Dataset content below:
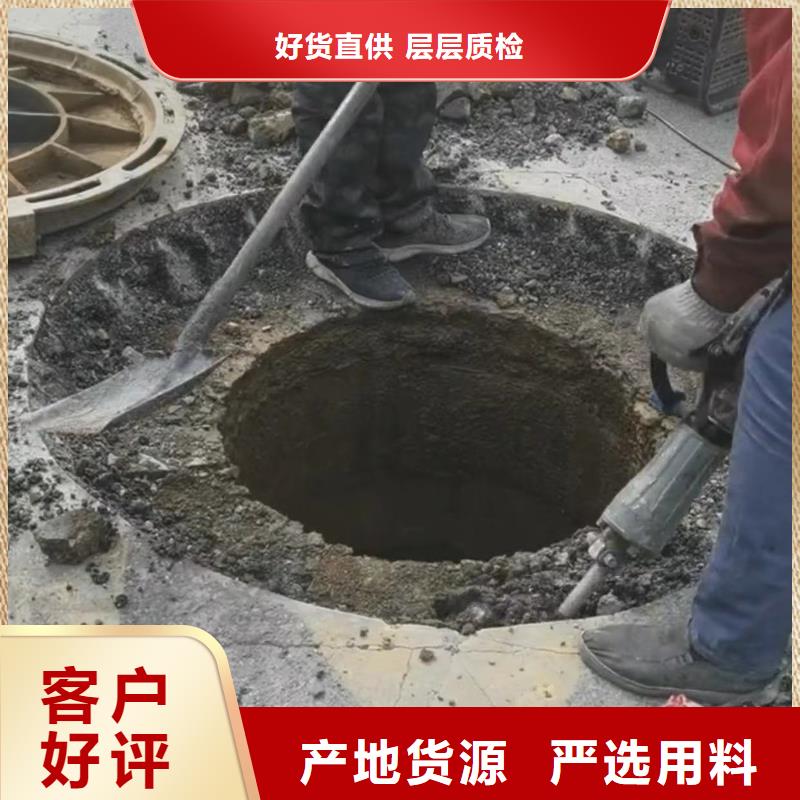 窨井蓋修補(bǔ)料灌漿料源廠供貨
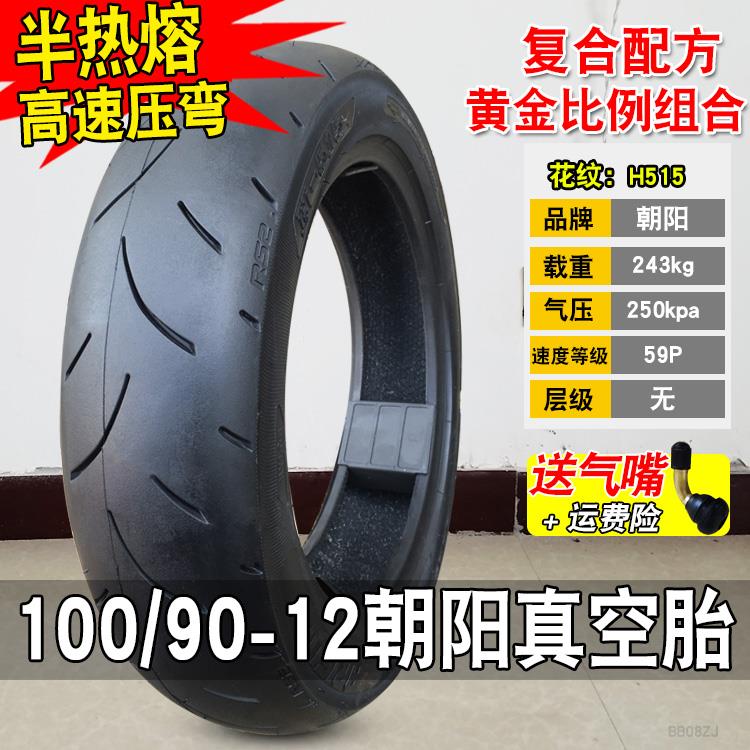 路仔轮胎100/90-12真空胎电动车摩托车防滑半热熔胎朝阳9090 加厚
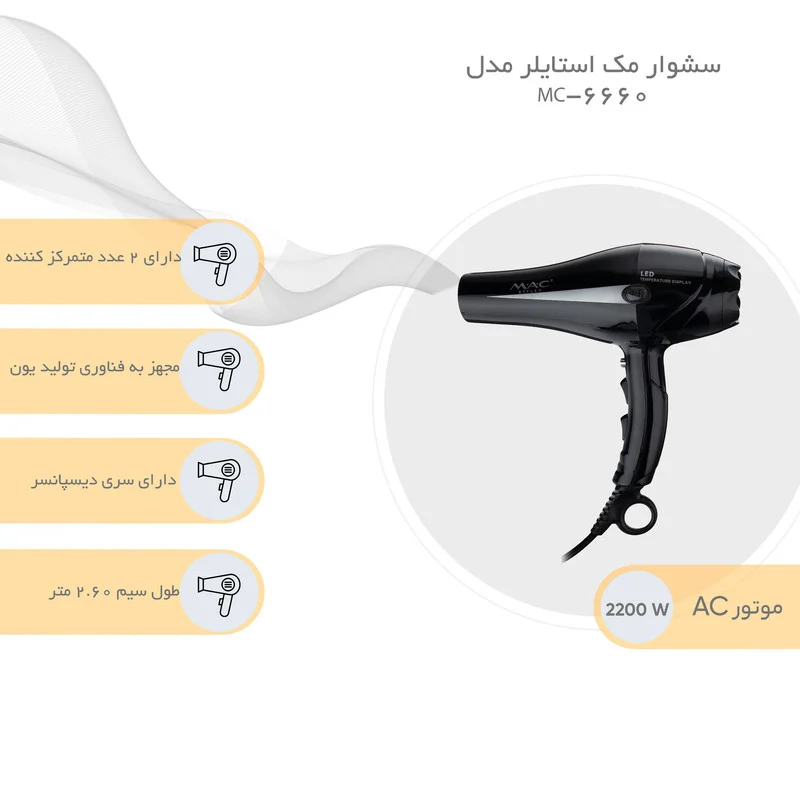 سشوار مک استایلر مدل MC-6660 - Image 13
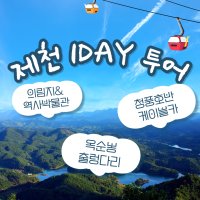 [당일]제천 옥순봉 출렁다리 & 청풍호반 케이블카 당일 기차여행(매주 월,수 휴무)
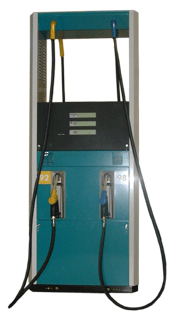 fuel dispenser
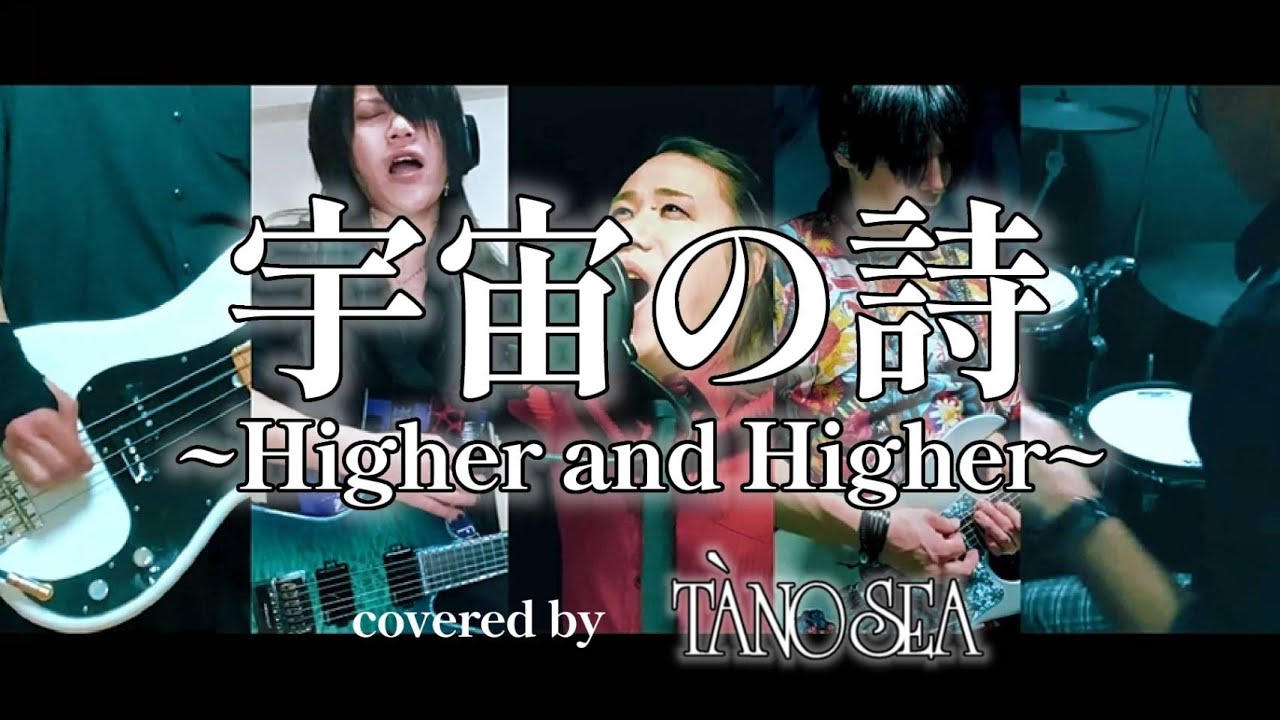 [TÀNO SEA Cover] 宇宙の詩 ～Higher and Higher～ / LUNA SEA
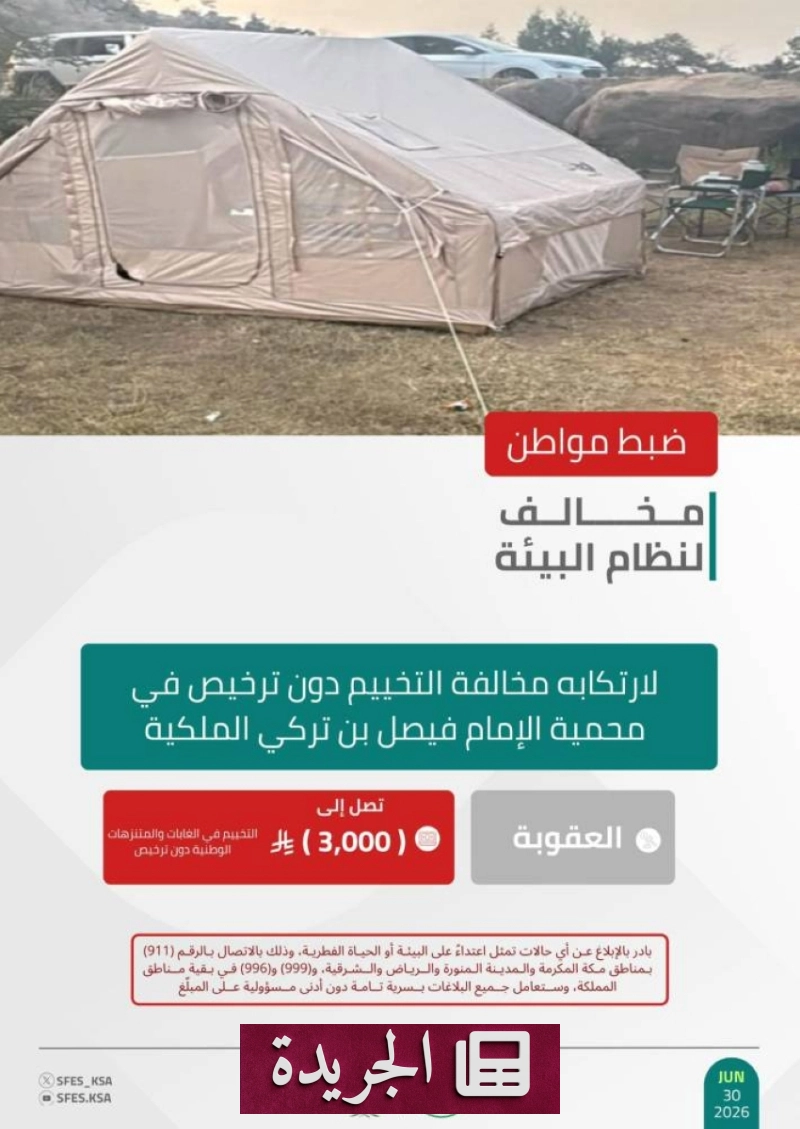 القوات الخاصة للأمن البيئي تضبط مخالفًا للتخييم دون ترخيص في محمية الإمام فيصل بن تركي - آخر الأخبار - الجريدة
End of Dataset content.
• Description of the task: Leave every picture out and copy precisely the lines from the one containing "路仔轮胎100/90-12真空胎电动车摩托车防滑半热熔胎朝阳9090 加厚" through the last line of the data above, both ends included.

• Exercise output:
 路仔轮胎100/90-12真空胎电动车摩托车防滑半热熔胎朝阳9090 加厚
 سشوار مک استایلر مدل MC-6660 - Image 13
 [당일]제천 옥순봉 출렁다리 & 청풍호반 케이블카 당일 기차여행(매주 월,수 휴무)
 fuel dispenser
 [TÀNO SEA Cover] 宇宙の詩 ～Higher and Higher～ / LUNA SEA
 القوات الخاصة للأمن البيئي تضبط مخالفًا للتخييم دون ترخيص في محمية الإمام فيصل بن تركي - آخر الأخبار - الجريدة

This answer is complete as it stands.